◆ **WHAT THIS TASK INVOLVES**: What you should give back is every line from the one containing "Baby Lovey Blanket" through the last line of the records below, word for word and without pictures.

◆ **ENTRIES PROVIDED**:
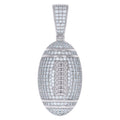 925 Sterling Silver Mens Moissanite 1.38ct Football Sports Pendant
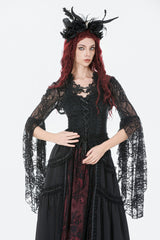 Black Women's Gothic Lace Flare Long Sleeve Crop Shrug - Black - 1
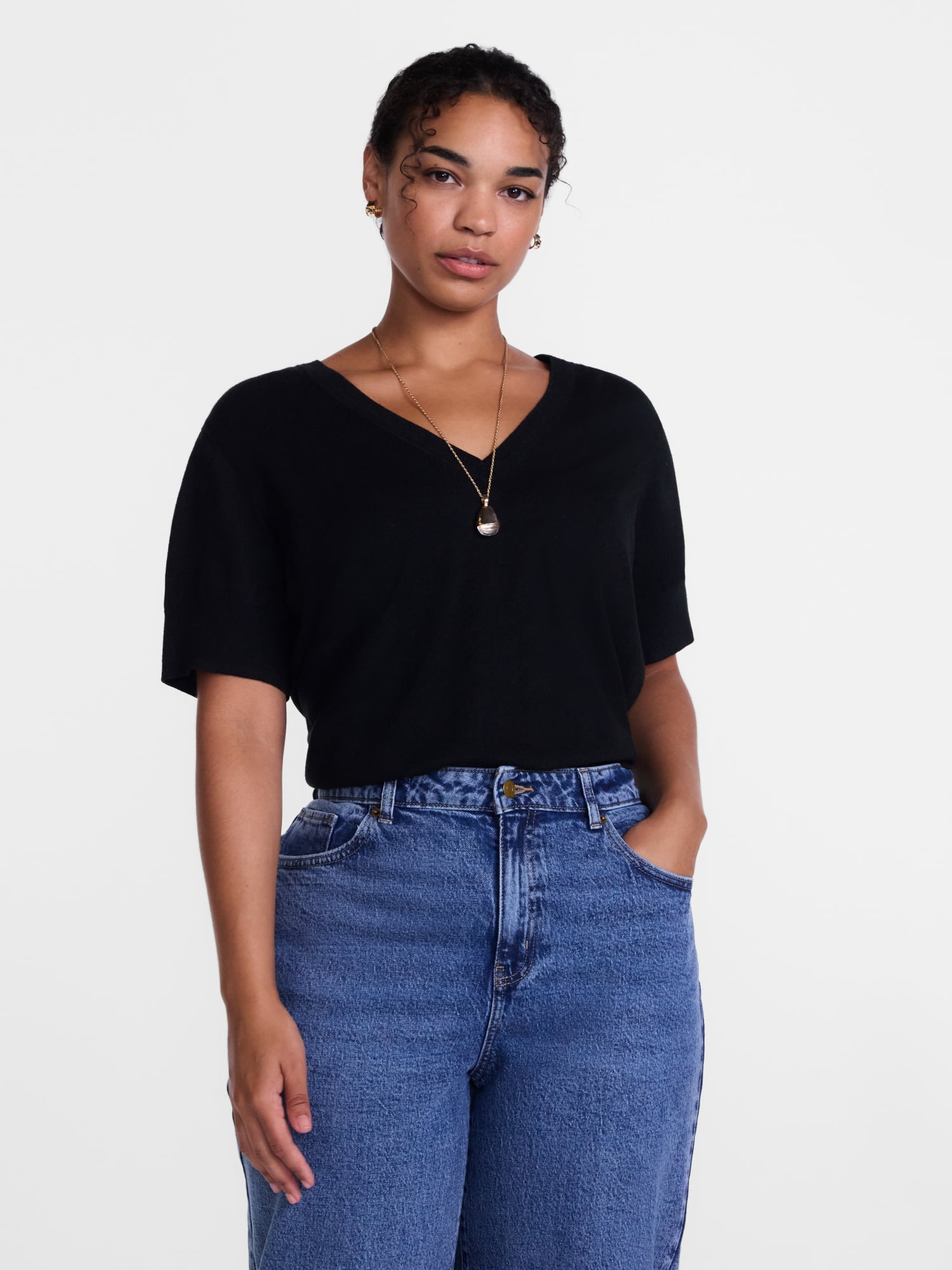 Scenario Women's V-Neck Lightweight Sweater with Short Sleeves, Sizes XS-XXXL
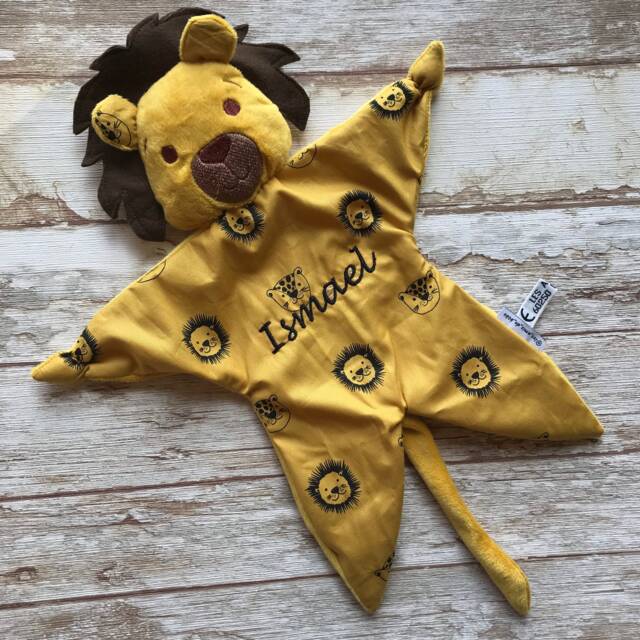 Baby Lovey Blanket Lion, Cuddle Toy Lion With Name Embroidered, Shower Unisex Present - image 1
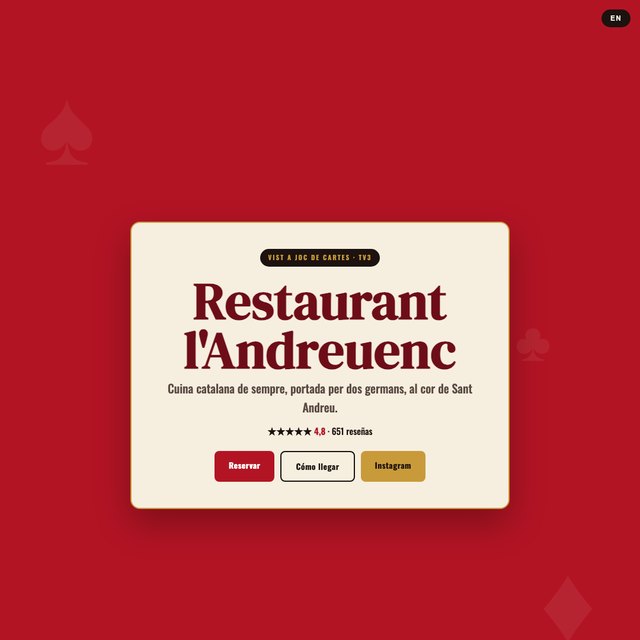 Restaurant l'Andreuenc website by StudioMorphik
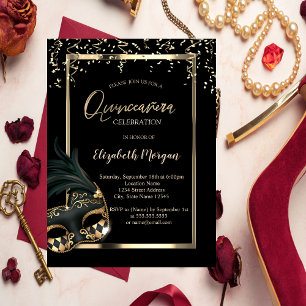 Invitación Máscara,Marco,Confeti Máscara de Quinceañera
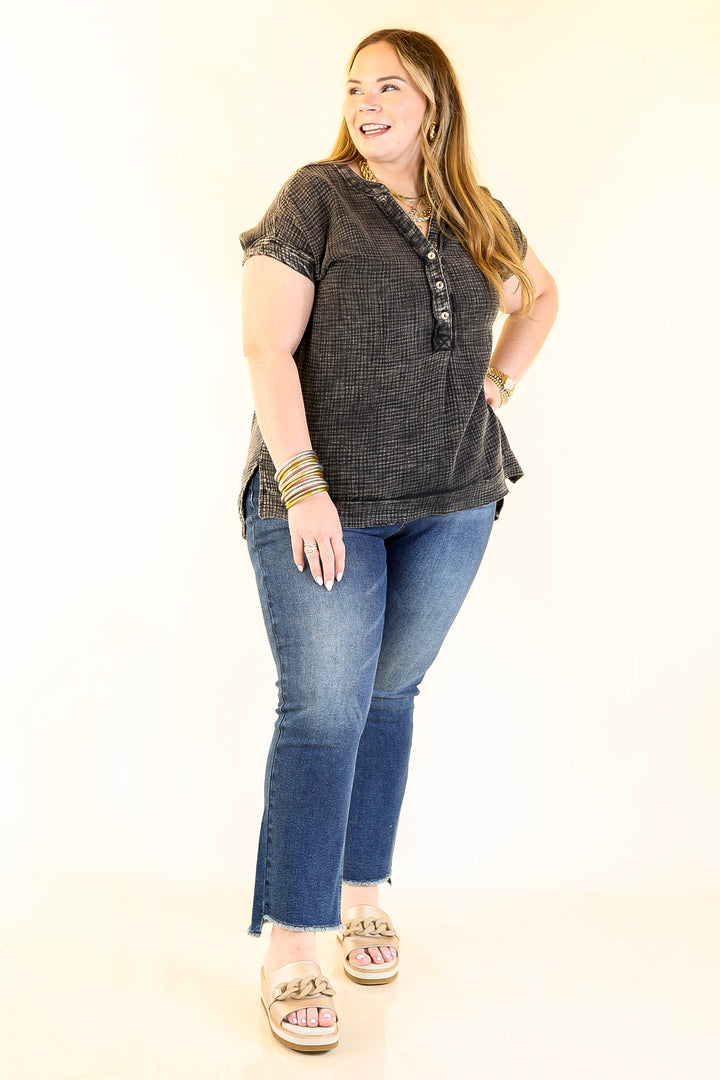 Simple Statement Quarter Button Up Short Drop Sleeve Shirt in Black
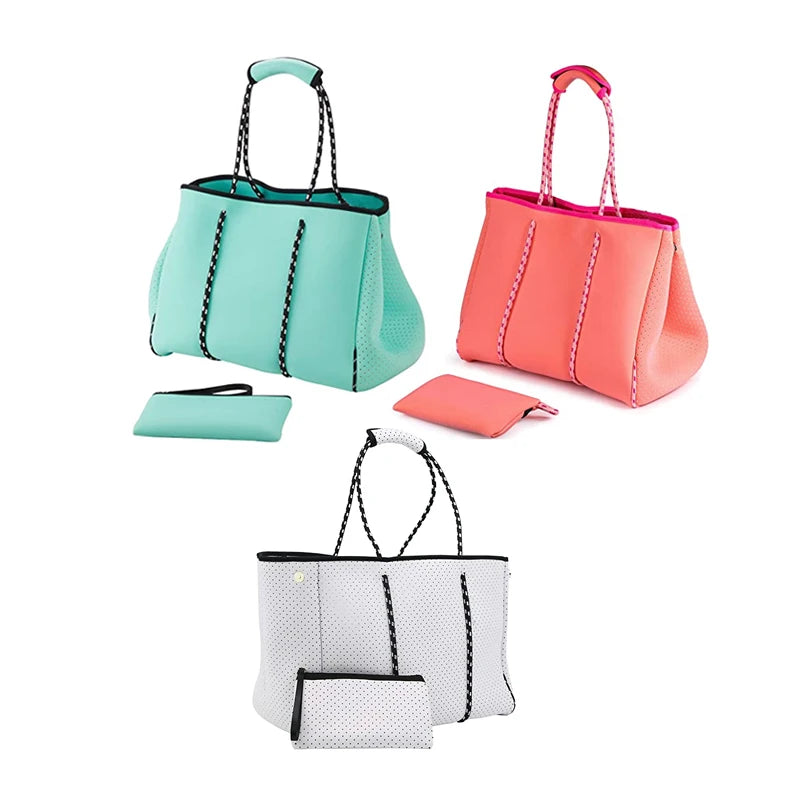 Wholesale Big Capacity Diaper Bag Neoprene Beach Tote Bags for Ladies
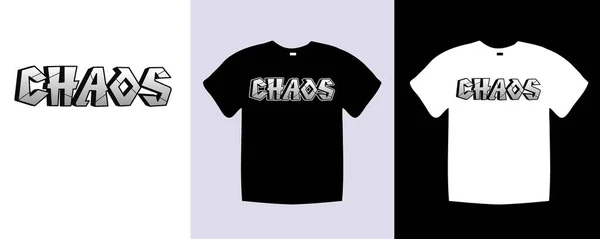 Chaos Typografie Shirt Schriftzug Zitiert Design Template Vector Art Illustration — Stockvektor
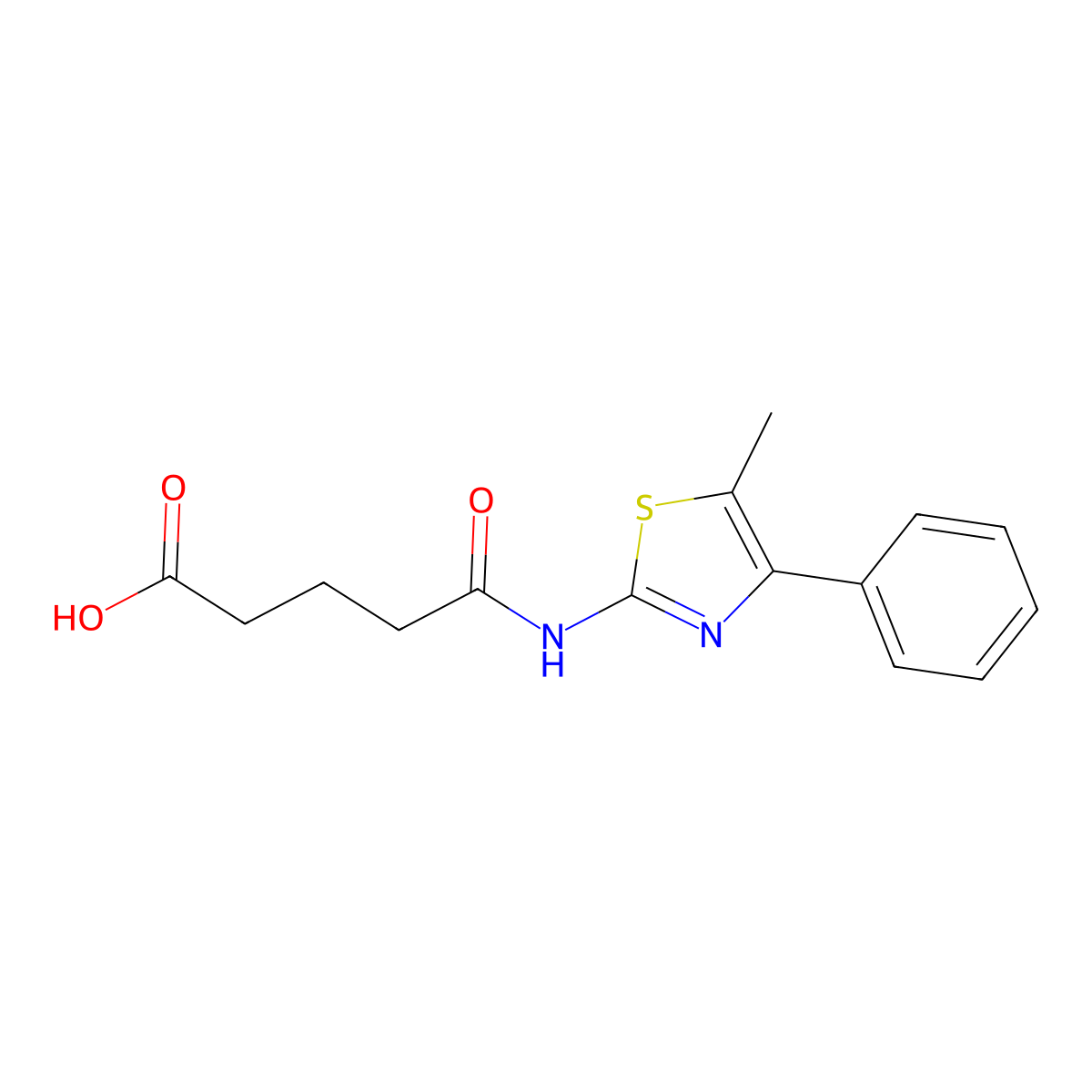 5-[(5-Methyl-4-phenyl-1,3-thiazol-2-yl)amino]-5-oxopentanoic acid molecular structure, CAS 352684-23-2
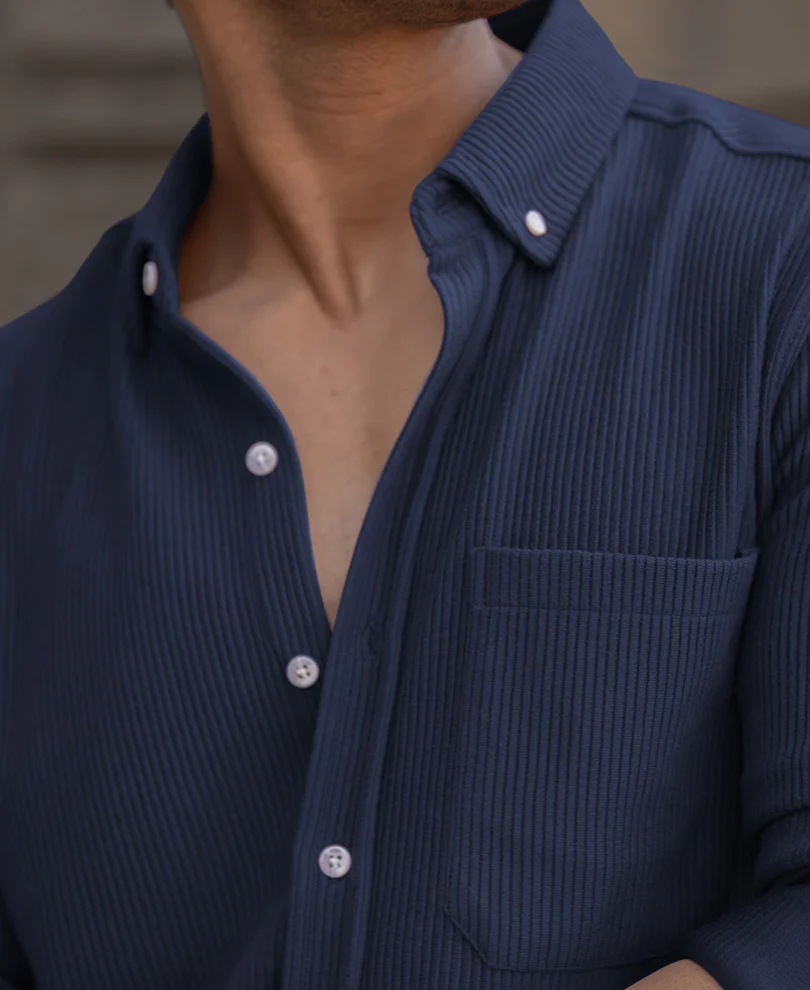 Blue Corduroy Regular Fit Full Sleeves Shirt - Image 5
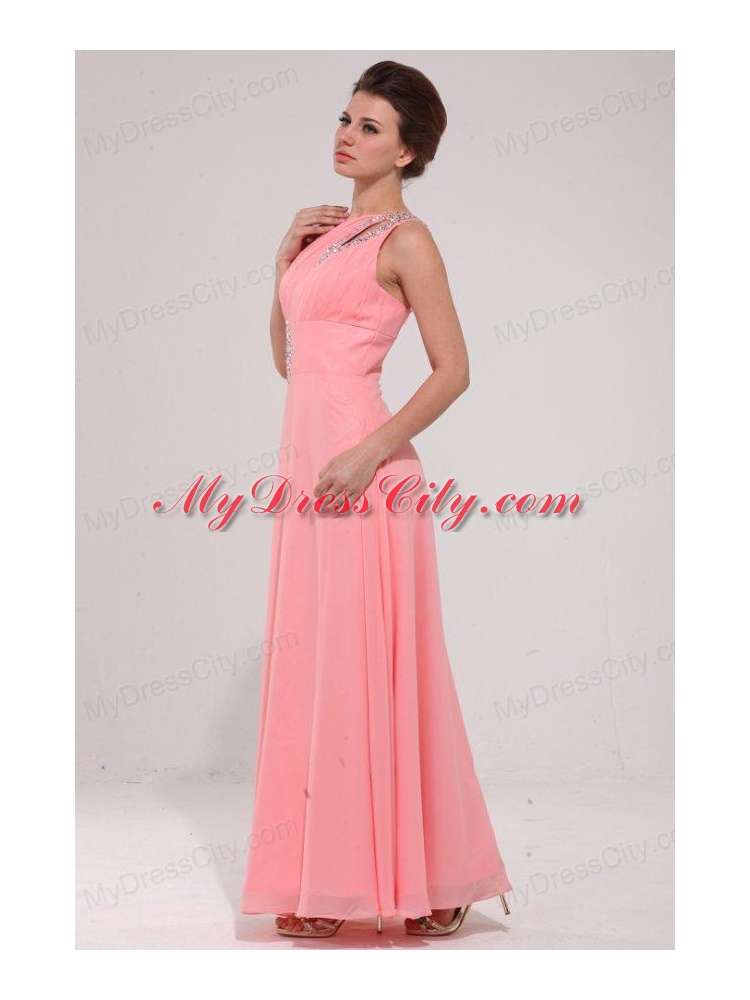 Pink Red One Shoulder Prom Dress with Beading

◆ **RESULT OF THE TASK**:
 Baby Lovey Blanket Lion, Cuddle Toy Lion With Name Embroidered, Shower Unisex Present - image 1
 Restaurant l'Andreuenc website by StudioMorphik
 Invitación Máscara,Marco,Confeti Máscara de Quinceañera
 Simple Statement Quarter Button Up Short Drop Sleeve Shirt in Black
 Wholesale Big Capacity Diaper Bag Neoprene Beach Tote Bags for Ladies
 Chaos Typografie Shirt Schriftzug Zitiert Design Template Vector Art Illustration — Stockvektor
 5-[(5-Methyl-4-phenyl-1,3-thiazol-2-yl)amino]-5-oxopentanoic acid molecular structure, CAS 352684-23-2
 Blue Corduroy Regular Fit Full Sleeves Shirt - Image 5
 Pink Red One Shoulder Prom Dress with Beading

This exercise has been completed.